MT MANIAX

苦難の時にこそ、われわれは隣人に対して寛大であらねばならない。そうしていれば世界はわれわれにとって寛大なものになるはず。

ゆれる

2006年08月15日 | 映画
監督・脚本:西川美和、出演:オダギリジョー、香川照之、日本、2006

 短編映画集企画の「female フィーメイル」(2005)で、女性監督の西川美和の存在を知りました。その企画の中での作品『女神のかかと』が印象的でしたので、お名前を覚えていました。今回、盆休みに帰省して大阪の映画館へ行く時間があり、各映画館の上映スケジュールを調べていると、監督の作品が上映されていることを知りました。この映画、期待していた以上によかったです。公式ホームページに掲載されてるあらすじを引用します。

--------------------
東京で写真家として成功した猛は母の一周忌で久しぶりに帰郷し、実家に残り父親と暮らしている兄の稔、幼なじみの智恵子との3人で近くの渓谷に足をのばすことにする。
懐かしい場所にはしゃぐ稔。
稔のいない所で、猛と一緒に東京へ行くと言い出す智恵子。
だが渓谷にかかった吊り橋から流れの激しい渓流へ、智恵子が落下してしまう。
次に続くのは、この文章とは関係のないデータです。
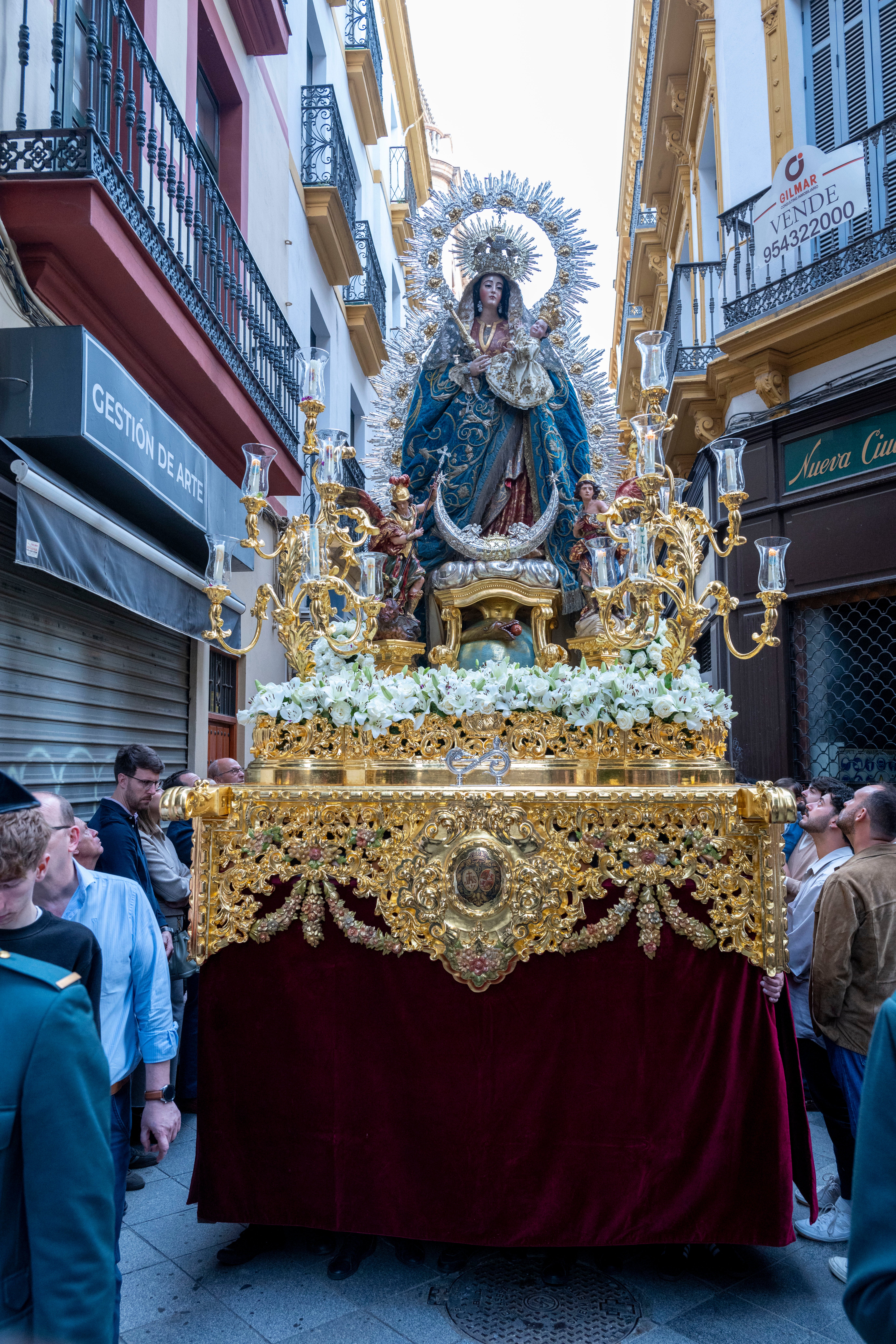 La procesión de San José Obrero y la Salud de San Isidoro, en imágenes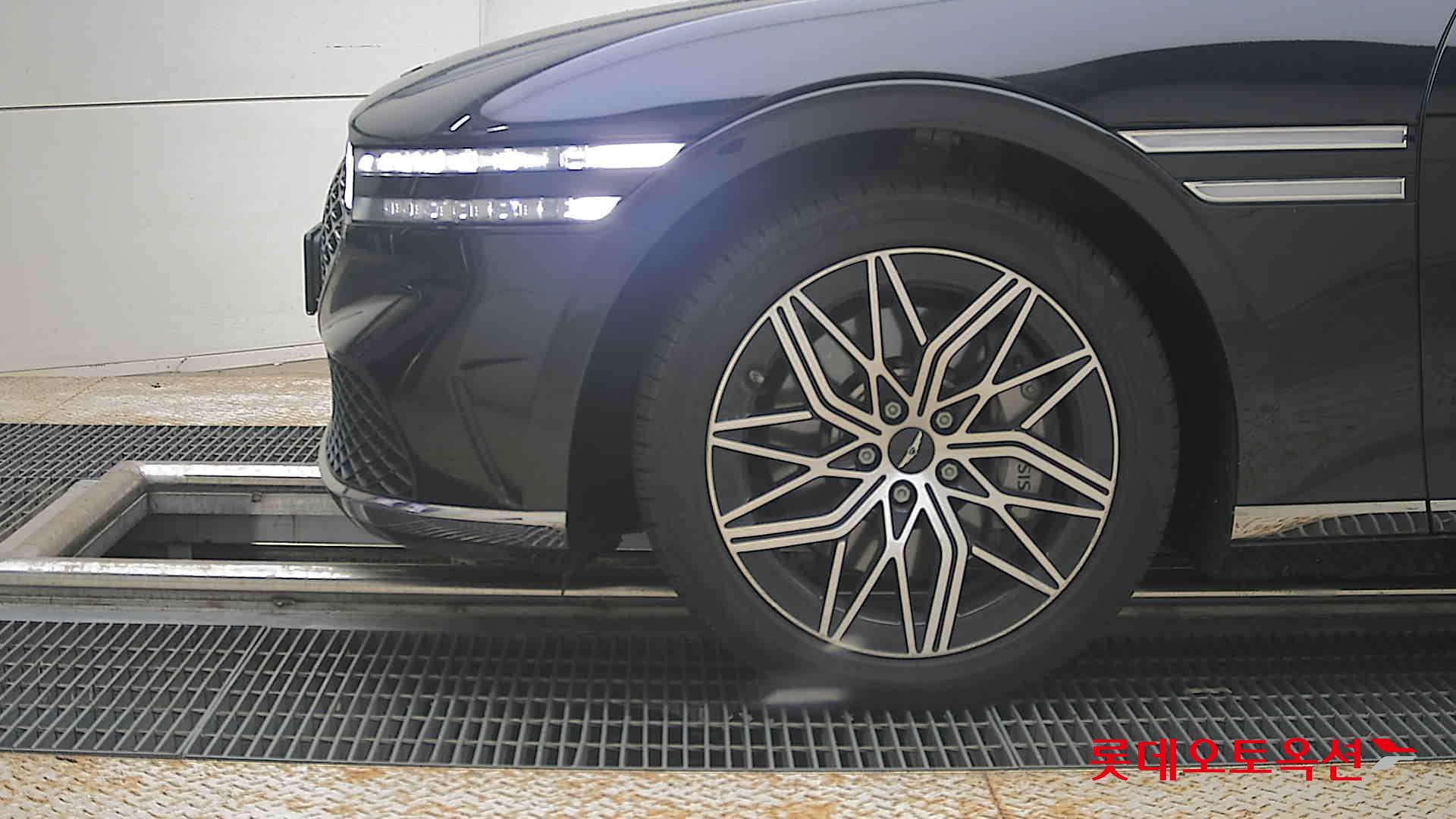2023 - genesis g90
その時そばにいたのは、稔ひとりだった。

事故だったのか、事件なのか。
裁判が始められるが、次第にこれまでとは違う一面を見せるようになる兄を前にして猛の心はゆれていく。
やがて猛が選択した行為は、誰もが思いもよらないことだった──。
--------------------

 兄弟という関係を肯定した上での、兄弟再生の物語です。私にも弟がいますので、物語の世界に容易に感情移入することができました。
 私は、登場する「弟」(オダギリジョー)にも「兄」(香川照之)にも共感しました。私が実家を出て10年以上経ちますので、「弟」の持っている後ろめたさがよく分かります。しかし、私の性格はむしろ「兄」に近いため、「弟」に対して抱いている感情もすごくよく分かります。両人が抱えている後ろめたさ、悩みなど、気持ちのゆれがリアルに感じられました。心の闇の部分を、えぐり出されるような感覚でした。映画は面白かったのですが、観つづけるのがつらく感じました。西川美和監督が脚本も担当されています。こういう気持ちのゆれは、女性の方がうまく表現できるのかな、と思いました。
 ネットの掲示板で、「兄が智恵子を吊り橋から突き落としたのか否かがよく分からないので、ミステリーとしてはダメだ」という感想を目にします。しかし、智恵子を突き落とそうとしたのか、助けようとしたのか、はっきりとさせる必要はなかったのだと思います。西川美和監督からのメッセージをくみとることができれば、突き落としたか否かは重要ではないと分かります。
 キャスティングは最高でした。オダギリジョーも、香川照之も大好きな役者です。役にもぴったり合っていました。とくに香川照之は、役にはまりすぎていて怖かったです(笑)。香川照之の演技力は本当に凄い。田口トモロヲも、ピエール瀧も、蟹江敬三も好きな芸能人なのでポイントが高かったです。真木よう子も、こんな人って本当にいそうだなあ、と思わされました。違和感なし。唯一残念なことは、検察官役の木村祐一がうっとおしかったことです。こんな口調で裁判する人なんか現実に存在するのかなあ、と疑問に思いました。